Design vs Implementation

When we think about designing a system and translating it to code we tend to think of the code as the implementation, which is weird when you really think about it, because unlike any other implementations of a design in the real world the code has no wear and tear and no structural stress factors.

If you design a bridge and build a bridge, years later the bridge does not work the same way due to wear and tear, because the bridge is a thing, it’s not the design but an implementation.

 

Our design for an application is actually the code, the implementation of our code is the execution on the CPU, hence we don’t actually do the implementation of our design, we just let it happen.

 

Componentization of a system allows us to be right once in a while and write programs that don’t have bugs because they’re really small programs.

 

Architecture vs Implementation

Architecture is a set of complex and carefully designed structure of something, in computing, it’s the organization of a computer or a computer-based systems.

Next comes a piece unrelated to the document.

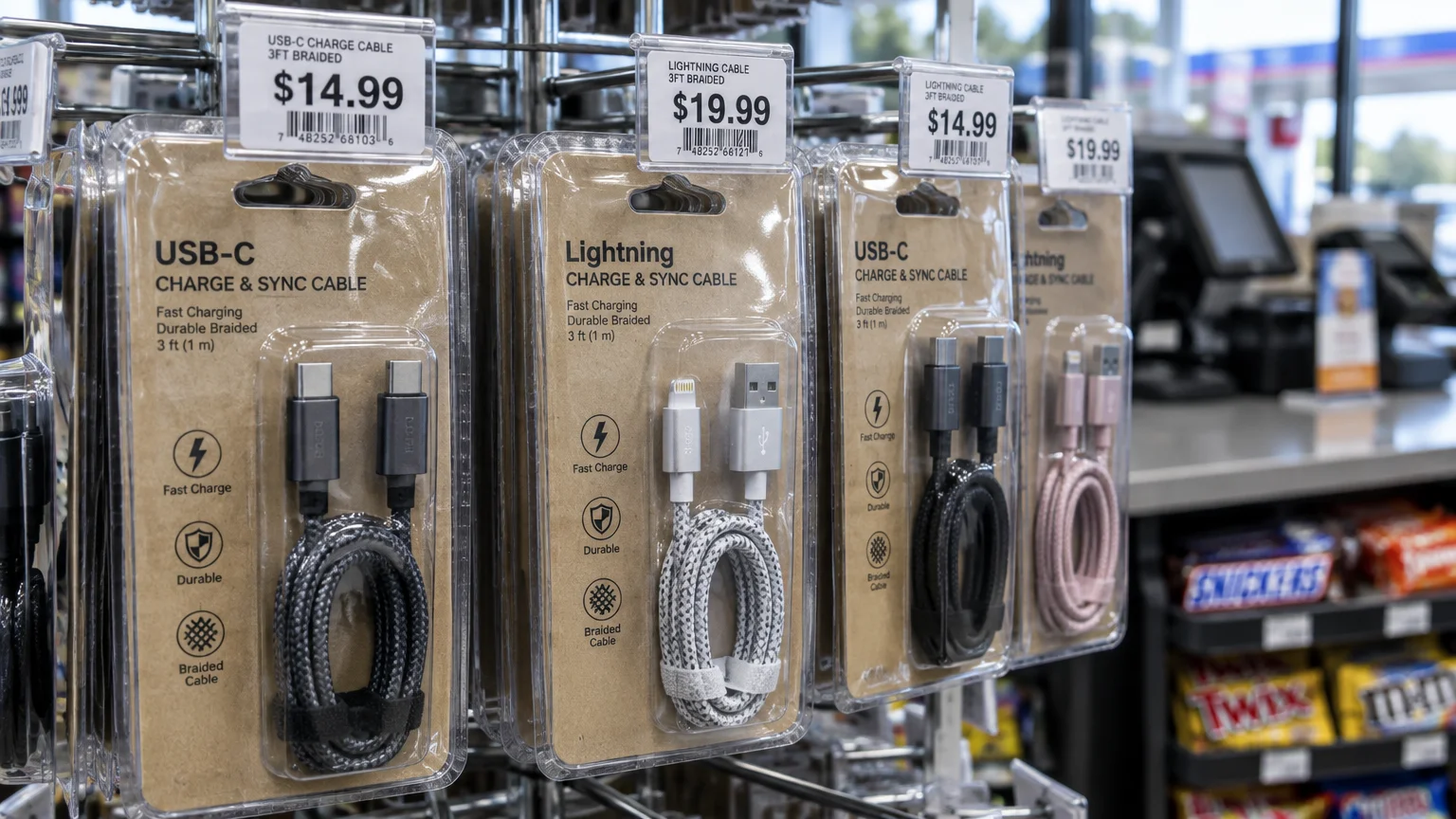 Packaged USB-C and Lightning cables hanging on a store rack with price tags reading $14.99 and $19.99.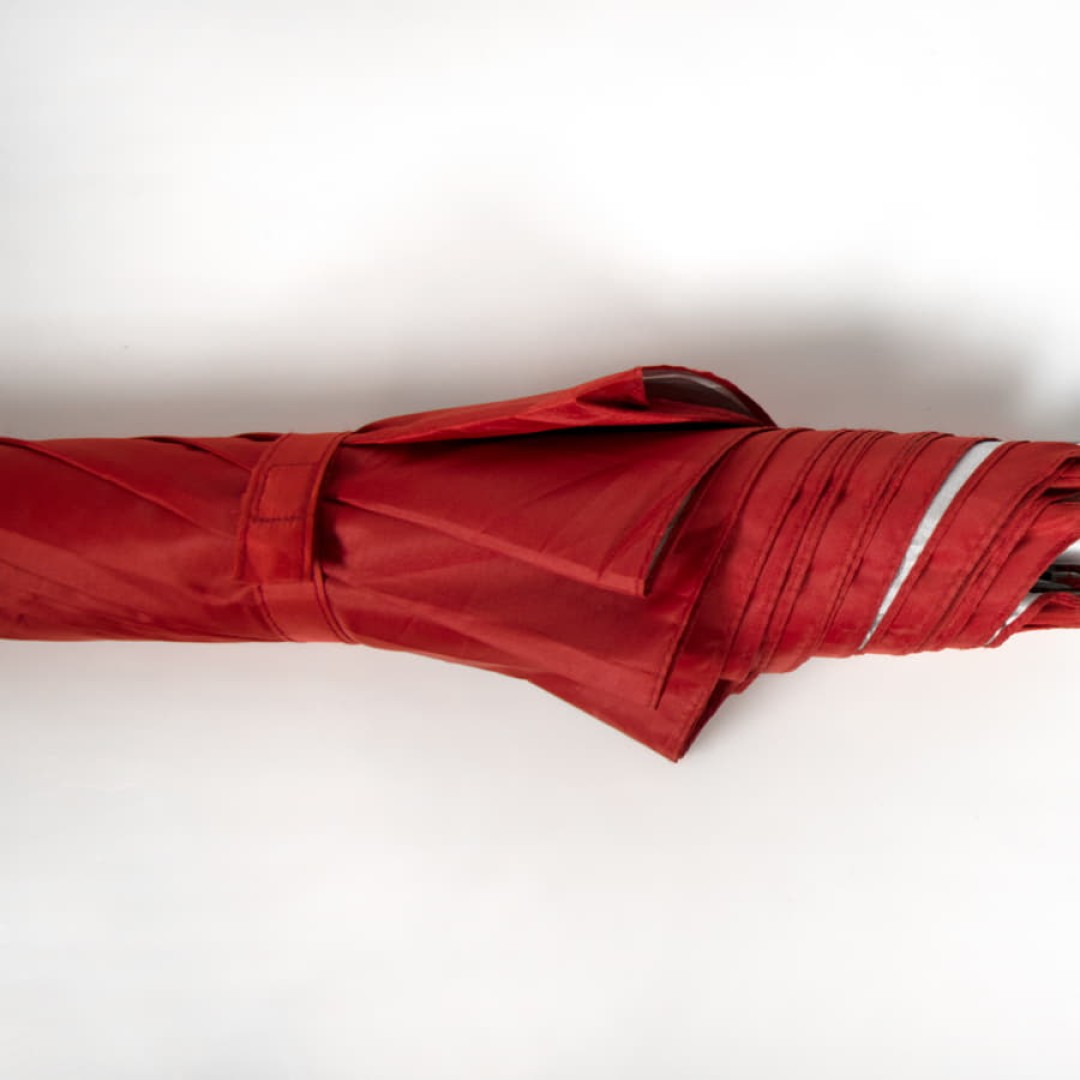 Зонт-трость с пластиковой ручкой  "под алюминий" "Silver", полуавтомат, красный с серебром, D=103 cм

  • Architecture is without specification of the vendor, make model of components.
  • Implementation is the adaptation of an architecture to embrace available technologies (e.g. specific languages and frameworks or products).
  • They’re intrinsically tied and there are lots arguments about which is which.

 

Architecture

An architecture is all encompassing.

  • space, power, cooling
  • servers, switches, routers
  • load balancers, firewalls
  • databases, non-database storage
  • dynamic applications
  • the architecture you export to the user (javascript, etc.)

 

If you have 50 million users, then you have 50 million nodes and all of them are your problem because you’re sending them presentation as well as function (code to execute).

 

No all people do all things, hence why not all people think of all those things.

 

However:

  • lack of awareness of the other disciplines is bad
  • leads to isolated decisions
  • which leads to unreasonable requirements elsewhere
  • which lead to over engineered products
  • stupid decisions
  • catastrophic failures

 

Running operations is serious stuff, it requires knowledge, tools, experience and discipline.

 

“Good judgment comes from experience. Experience comes from bad judgment.”

– Proverb

 

“Judge people on the poise and integrity with which they remediate their failures.”

– Theo Schlossnagle

 

Rule #1 – Everything must always be in version control (including configurations)

Rule #2 – If it’s not monitored it’s not in production (and documented)

 

Most system designers don’t understand maths, a typical box today is 8 core 2.8GHz = 22.4 billion instructions per second, and given that web apps are CPU bound if you’re doing 25 request/s on that 8 core box you’re doing things wrong.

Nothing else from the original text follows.